28 Ekim 2010 Perşembe

ARTIK HÜNER GÜÇLERİ DOĞRU TEMELDE BİRLEŞTİRMEDEDİR

Artık mürteciliğe karşı, Cumhuriyeti yıkmalarına karşı, faşizme karşı ve elbette Osmanik feodal cumhuriyete karşı, gericilerin, emperyalizmin sürüklediği uçurumun kenarındaki bütün güçler, tek bir eksende gericiliğe ve emperyalizme karşı ülkenin bölünmesine karşı birleşmeleri gerekir ve bu eksende birleşen güçlerin,aralarındaki ideolojik mücadeleden vazgeçmeleri gerekmiyor ama bunu birbirlerine küfretmeden, köprüleri yıkmadan, doğru temelde, bilimsel temelde ve ilericilik ekseninden ayrılmadan yapmaları gerekiyor.

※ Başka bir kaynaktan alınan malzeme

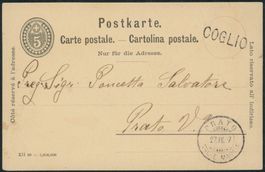 TI Coglio - Stabstempel - Karte - nach Prato Valle Maggia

Fakat bu güçlerin tümünün, ortak bir hedef olarak karşılarına aldıkları gericilik ile ABD-AB emperyalizmi ile, şövenizm ile kozmopolitizm ve ulusal nihilizm ile yani emperyalizmin işine gelen her çeşit milliyetçilik ile mücadelesinde, en şiddetli bir şekilde ideolojik ve politik hüner gösterilmelidir. Ancak böyle aynı eksende, merkezlerinin de yönlendirmesi ile toplanan ama daha çok bu eksenin çekiciliği ile birleşen kitlelerin doğru ve tarihin ilerleme çizgisinin işaret ettiği yöndeki yürüyüşünü kuvvetlendirebiliriz ve bu yürüyüşü iktidar yürüyüşü ile bağlayabiliriz.
Çevre hareketleri, sivil toplum hareketleri, sendikal hareket, kadın hareketi, gençlik hareketi, yurtsever dinamikler, anti-emperyalist, anti-siyonist dinamikler bu eksende toplanarak, bu eksende onlara iktidar perspektifini özümsetecek nitelik içermek gerekiyor ve bu çerçevede tabandaki bütün dinamiklerin, sınıf ekseni ile doğrudan bağlanacak şekilde gerçeklerle yüzyüze getirilmesi gerekiyor, daha doğrusu yüzyüze geldikleri gerçekleri iyi okumalarını ve çözümünün sınıf eksenli bir mücadele ile mümkün olacağını görmelerini sağlamak gerekiyor. Bunun için,sendikaları prensip olarak bir kenara koyup, dürüst, namuslu, kendini satmamış sendikacıların, işçi liderlerinin öne çıkartılması ve işçilerin sendikalarda sönümlendirilen sınıf kinlerinin, kendi sınıfsal konumları gereği taşıdıkları gizil güçlerini harekete geçirerek, bu gizil güçlerini hatırlamaları sağlanarak hareket etmek gerekiyor.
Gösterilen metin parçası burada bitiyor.